Shipowners and traders are approaching the recent United States-Iran deal to reopen the Strait of Hormuz with caution, demanding more details before they consider resuming transits through the critical waterway. The agreement, which aims to end months of disruption, has been met with skepticism after numerous false starts.
Deal Announced, but Doubts Persist
News of the long-awaited accord between Washington and Tehran drove Brent oil futures down nearly five percent. However, those responsible for transporting crude and liquefied natural gas worldwide remain uncertain about the practical implications of the reopening, which U.S. President Donald Trump has said will occur on Friday.

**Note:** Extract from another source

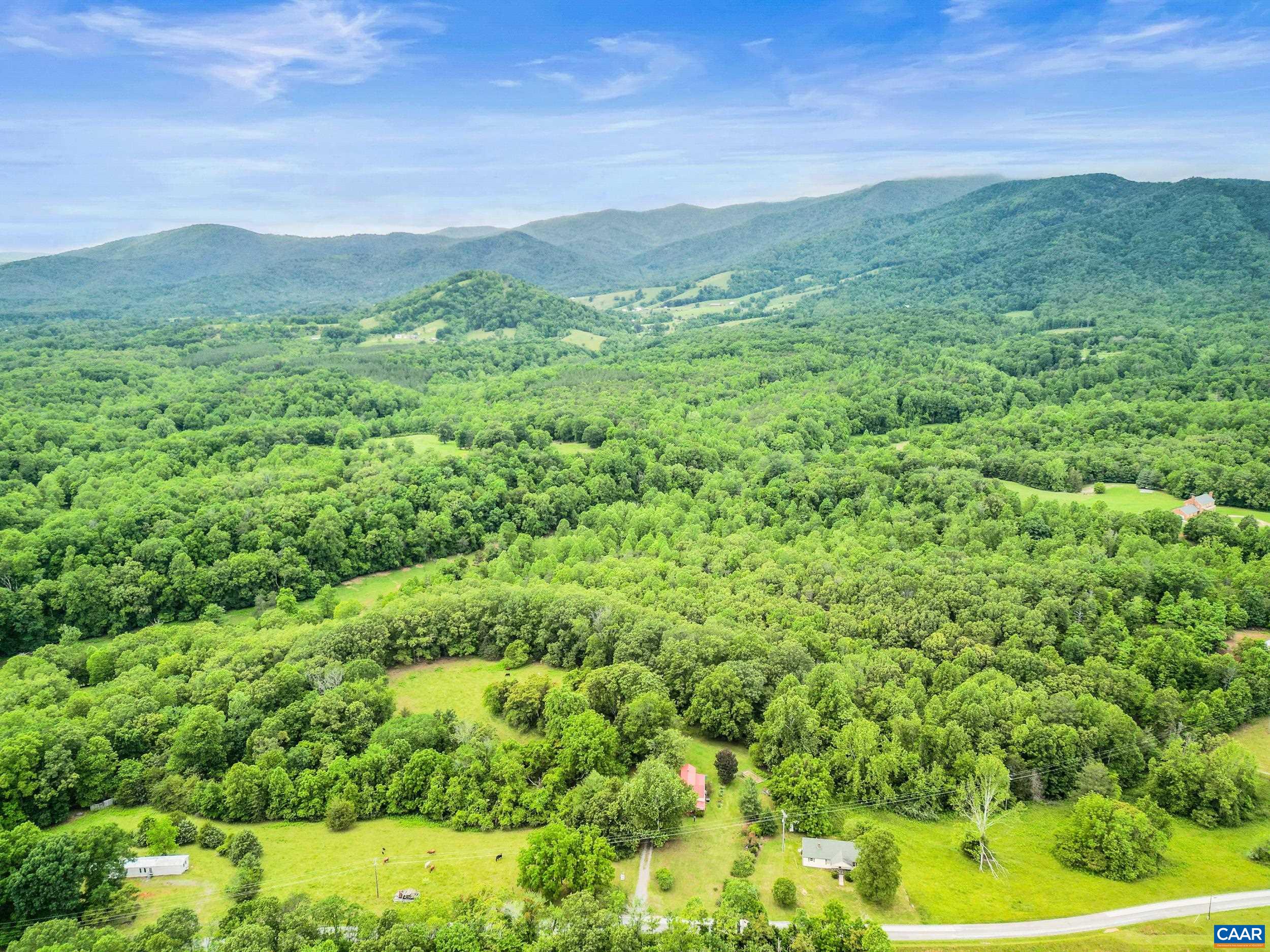 687 Gidsville Road Amherst, VA 24521 - Photo 2 of 70 a view of a lush green field with a mountain in the background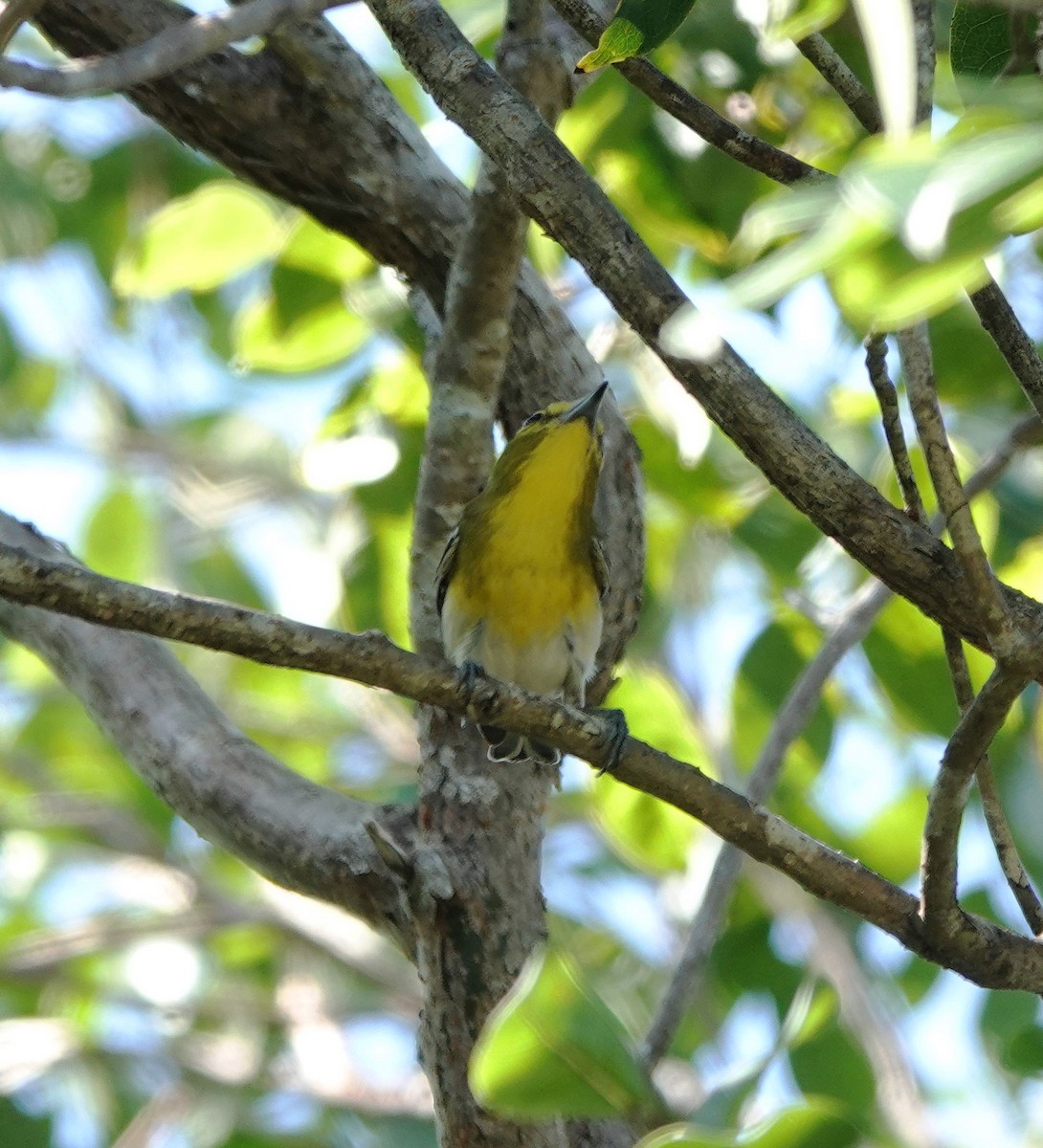ויראו צהוב-גרון - ML646534029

Iran's semi-official Fars News Agency reported that transits will be free for 60 days, after which Tehran will begin charging fees. Future administration of navigation services in the strait will be determined jointly by Iran and Oman, according to the agency.

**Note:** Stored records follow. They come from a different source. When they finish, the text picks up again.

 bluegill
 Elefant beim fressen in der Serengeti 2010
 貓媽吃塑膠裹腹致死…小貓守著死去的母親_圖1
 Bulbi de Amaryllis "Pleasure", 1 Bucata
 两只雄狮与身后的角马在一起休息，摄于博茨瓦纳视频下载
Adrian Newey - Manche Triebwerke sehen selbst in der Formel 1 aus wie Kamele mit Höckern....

Industry Calls for Clarification
BIMCO, the world's largest trade association for shipowners, emphasized that key details still need clarification before transit can be considered safe. Angad Banga, CEO of maritime conglomerate The Caravel Group, which owns Fleet Management Limited, expressed caution: "From the bridge and the engine room where we're sitting, right now it looks very different to what the headlines may say. We've seen positive signals before, and I think ultimately what matters is what holds."

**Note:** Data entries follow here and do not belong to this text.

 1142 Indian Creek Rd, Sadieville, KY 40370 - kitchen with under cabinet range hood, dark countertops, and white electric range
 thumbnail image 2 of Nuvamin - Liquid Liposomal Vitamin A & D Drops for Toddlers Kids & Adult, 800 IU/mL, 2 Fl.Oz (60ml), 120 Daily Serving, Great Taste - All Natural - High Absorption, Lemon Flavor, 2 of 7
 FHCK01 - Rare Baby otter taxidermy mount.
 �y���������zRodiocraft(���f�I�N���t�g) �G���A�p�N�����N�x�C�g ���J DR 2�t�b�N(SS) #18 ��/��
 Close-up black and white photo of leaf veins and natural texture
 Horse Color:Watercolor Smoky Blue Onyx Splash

Major Japanese shipping companies, among the first to respond to the deal, echoed these concerns. Mitsui OSK Lines stated that close coordination with governments and insurance firms would be essential before it could send ships through the strait again. Nippon Yusen KK added that normalization of traffic depends on the specifics laid out in the agreement.
Limited Activity in the Strait
In the hours following the announcement, there was little activity in the strait, with only one liquefied natural gas tanker, Disha, testing the waters as it headed into the eastern arm of Hormuz toward the Gulf of Oman. The narrow width of the strait raises the risk of collisions if vessels rush to exit simultaneously.
Anoop Singh, global head of shipping research at Oil Brokerage Ltd., noted varying risk appetites among shipowners: "Shipowners are on a risk spectrum — the Japanese, Koreans and Chinese are less open to high risk, while the Greeks have a different appetite — so we may see some people gearing up. But by and large the rest of the market is still seeking more details and assurance before proceeding."
Impact on Global Energy Trade
The Strait of Hormuz, a vital conduit for global oil and gas, has been at the heart of the conflict since the first days of strikes on Iran. The disruption has upended the global energy trade, cutting off some of the world's top producers and forcing major players to resort to dark transits or government-to-government negotiations to move cargo.
Traffic through the strait has slowed dramatically since U.S. and Israeli strikes began at the end of February, sinking to a fraction of the pre-war average of about 135 transits daily. In theory, even a temporary peace deal should release millions of barrels of oil that have been trapped for months in the Persian Gulf. However, shipowners and traders are waiting for concrete assurances before committing to safe passage.